The NEW Build Your Own Arcade Controls
Main => Forum/Website Discussion => Topic started by: saint on June 07, 2016, 11:31:27 am
-
Short version:
We have a hard drive in the RAID on the server that was failing. It's always the simplest things in the end, but at first it really looked like something gone haywire with journaling on the drives, or mysql going bonkers, or something similar.
We've since taken the bad drive out of the RAID, and spent the last 24 hours or so backing up several hundred gigs of data off-server as a precaution. I've had the forum offline during this time.
We still have more to look at, and need to get the bad drive replaced, so there will be additional downtime in the near future.
Also, while we suspect the RAID was the alpha and omega of the problems, only time will tell if other issues need attention. The server seems responsive enough right now, but I'm still seeing occasional spikes of high CPU usage with corresponding server lag, so I'm not holding my breath just yet.
More updates when I have them. Thanks!
--- saint
-
Trivia:
The forum alone takes up 36 gigs of drive space, not including the SQL database back end.
There are 236,849 attachments stored in the forum as of this writing.
-
Failing hard drive is just about as embarrassing as "problem went away after hours of trouble shooting when I rebooted."
;)
-
Good work Saint. We appreciate you man.
-
Seems snappy now!
Sent from my SM-G386T using Tapatalk
-
Thanks for getting things back up and running. I don't post much here these days, but I do visit frequently.
More than willing to pop a few bucks for a new drive if you need it. LMK where to "donate" money :laugh2:
-
Fingers crossed you have the problem identified. Thanks for all you do Saint. :applaud:
-
Thanks guys :) The credit is all sirwoogie's for figuring out what was going on and doing the heavy lifting.

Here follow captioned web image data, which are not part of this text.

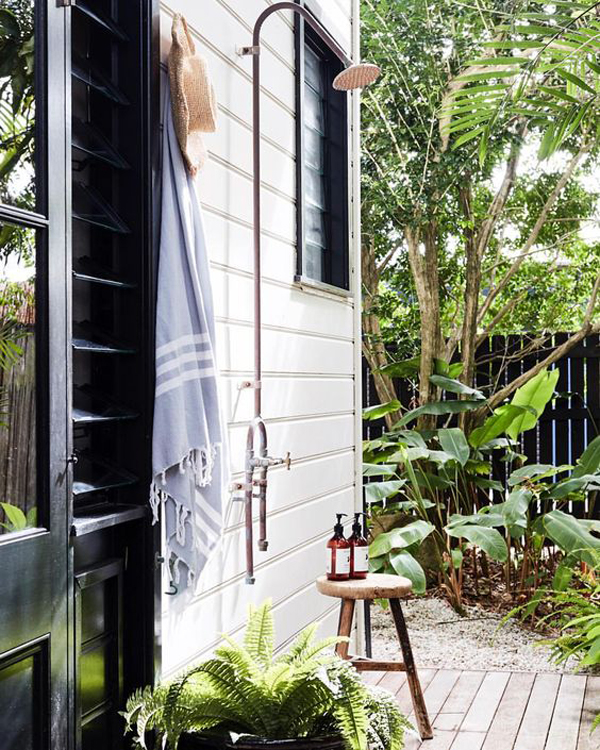 27 Outdoor Shower Design Ideas For Sweet Summer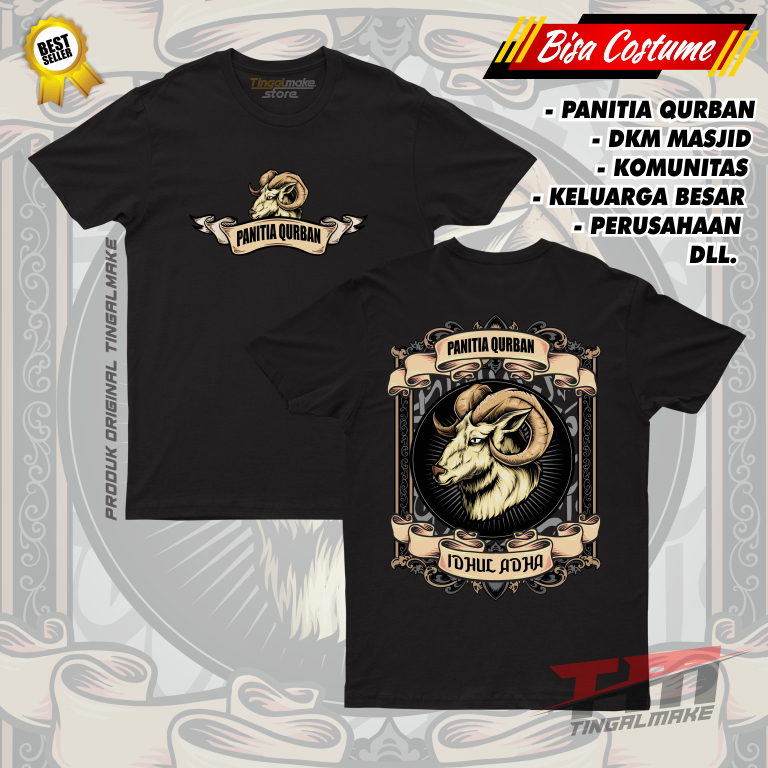 DTF | COSTUME QURBAN Z5 PANITIA QURBAN TSHIRT | KAOS QURBAN | SABLON DIGITAL DTF | SABLON SATUAN - F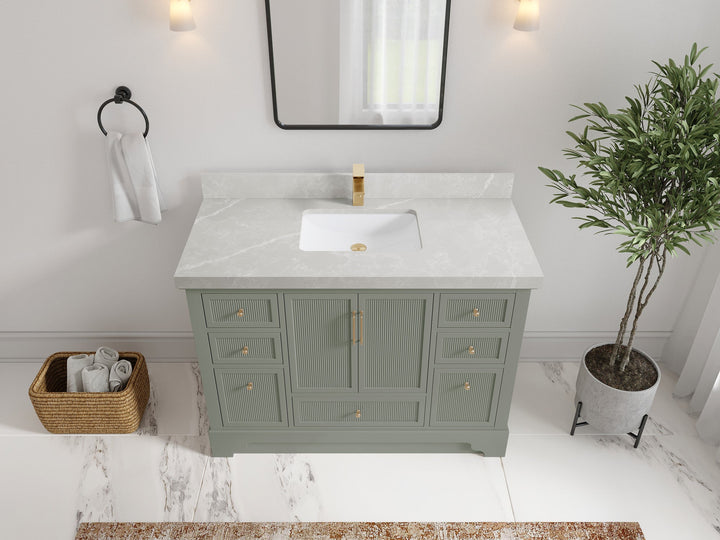 Alys 48 in. W x 22 in. D Single Sink Bathroom Vanity - photo 29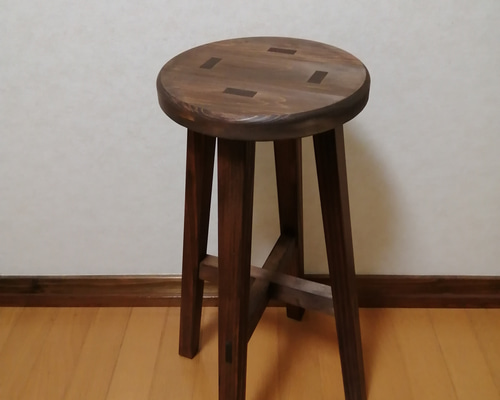 木製スツール 高さ58cm 丸椅子 stool 椅子（チェアー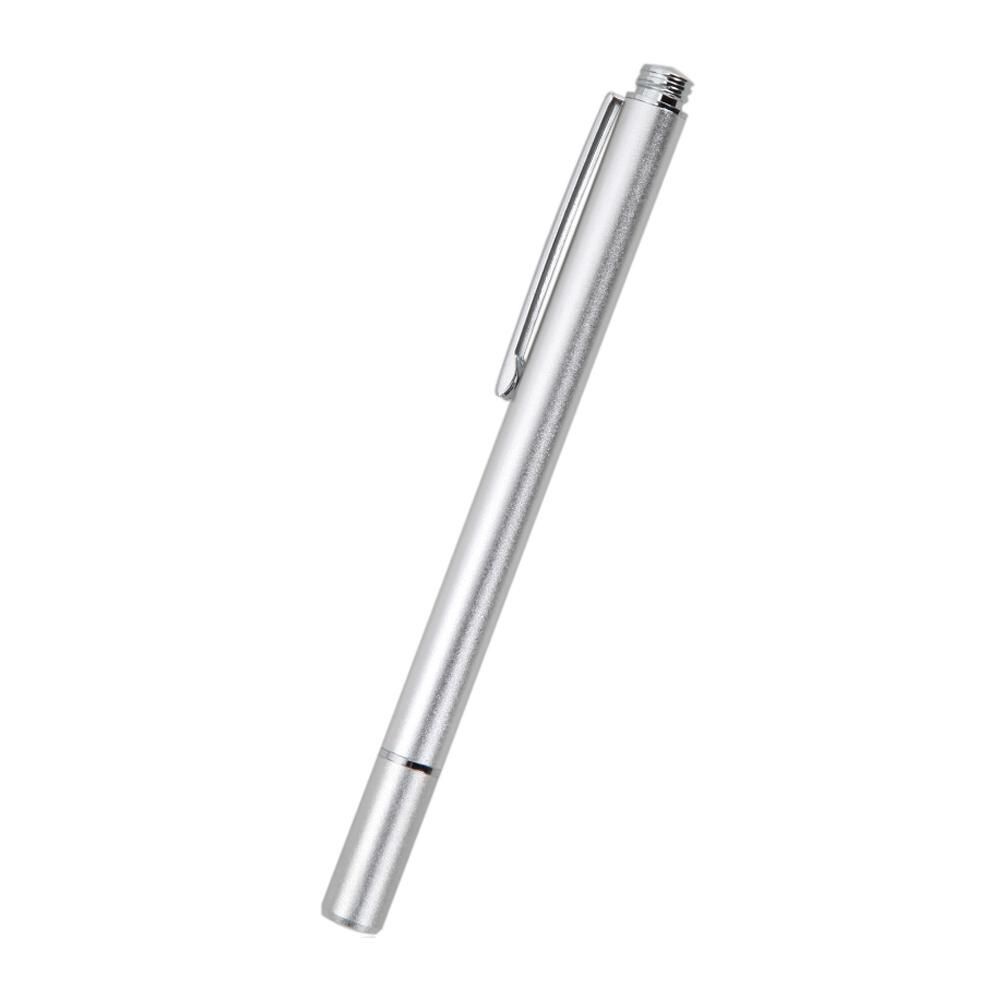 Tablet stylus penna fin spets rund tunn spets kapacitiv stylus penna surfplatta pekskärm pennor för iphone ipad samsung: Silver-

Appreciate the offer of a donation :) BYOAC is my way of paying it forward and the costs of keeping it running are within my means. Back in the day we took donations, but these days if you're so inclined, please find a charity that appeals to you and donate to them instead. Thanks for the offer :)
-
Thanks Saint and sirwoogie! :cheers:
-
They did *not* get the hard drive replaced today. Sigh... So, some time Wednesday we will be going down again to hopefully get the drive replaced.
-
This forum ranks as being my favorite and most visited, so saint I wanted to take the time thank yourself, sirwoogie and others that may be involved in all their hard work. I hope it hasn't been too stressful.
-
This forum ranks as being my favorite and most visited, so saint I wanted to take the time thank yourself, sirwoogie and others that may be involved in all their hard work. I hope it hasn't been too stressful.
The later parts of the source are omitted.